数日経ってまた夢を見た。今度は相手がはっきりとわかった。
Sだった。夢の中で僕とSは隣に座り僕はSの肩に頭を寄りかけていた。
夢の人が誰だかわかってすっきりした気分だった。
でもそんな気分も束の間、その日にバイトに行ったらSも出勤。
夢に出てきてイチャついてた人が目の前にいるって思ったら急に胸がドキドキしてしまった。
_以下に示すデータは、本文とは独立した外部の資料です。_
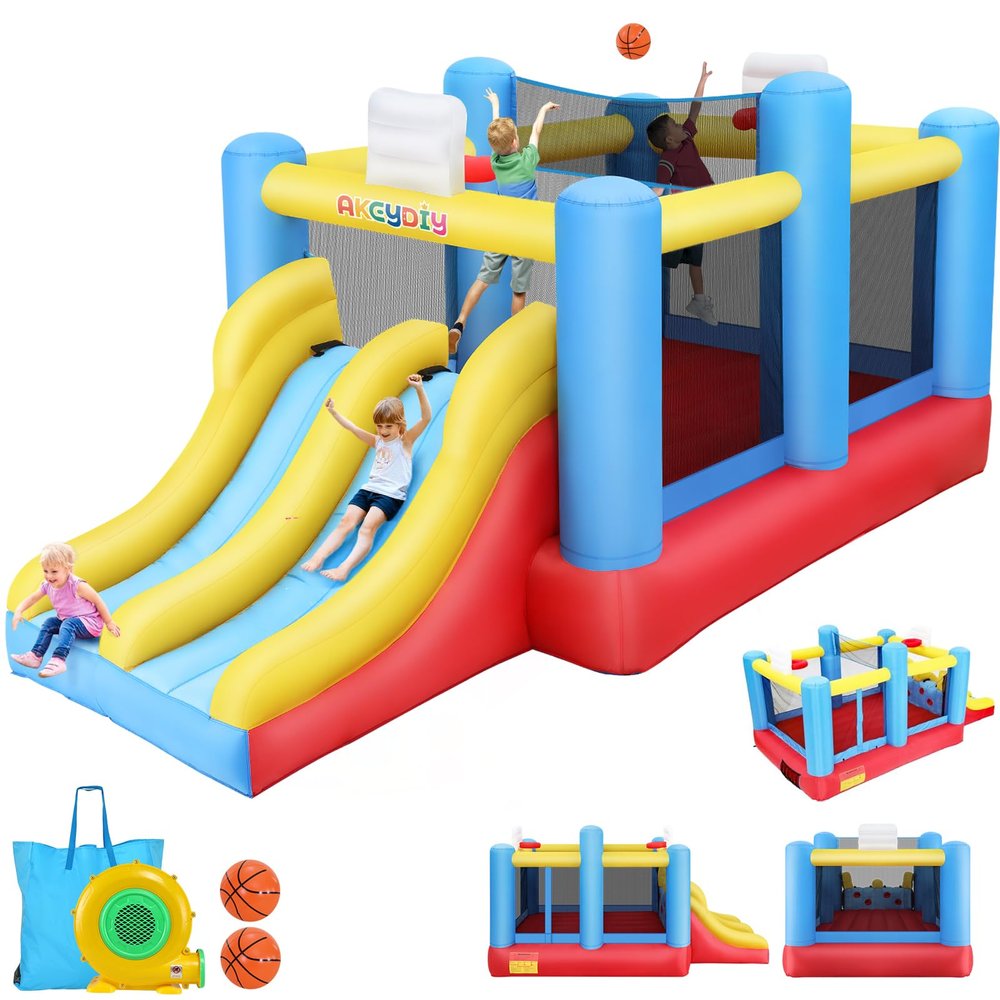 Bounce House, Inflatable Bounce House for Kids 3-12, Bouncy House with 2 Slides for Outdoor Backyard/Indoor, Bouncy Castle, Jump House for Toddlers Kids Party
いつものようにSは絡んでくるけどそれどころじゃなかった。
しかも、気を許せばSのことをまじまじと見てしまって、さすがにSも視線に気づいたらしくいつもの冗談口調で「何?男には興味ないからね。笑」って言われてしまい。「いや、ただぼーっとしてただけですよ。好きになってほしかったですか?いつでもどーぞ。」といつもの装いましたが、心のなかはバクバクでした。
それからも欲求不満かってくらいSの夢を見るようになって自分の中では「もしかしたら」なって考えるようになっていました。
でも彼はノンケだし、勇気もないから告るなんて考えにもなかった。ただ、見てるだけでも、話せるだけでもいいかなって思ってた。
でもそんな時間はいつまでも続かなかった。彼は就職の為、今年の冬をもってバイトを辞めるということを聞いた。
さすがに悲しさを隠すことはできなかった、泣きそうだった。
でもSは「いま辞めるわけじゃないんだからへこむなよ。」って励ましてくれた。
そういうところがまた好きになっちゃうとも知らないで。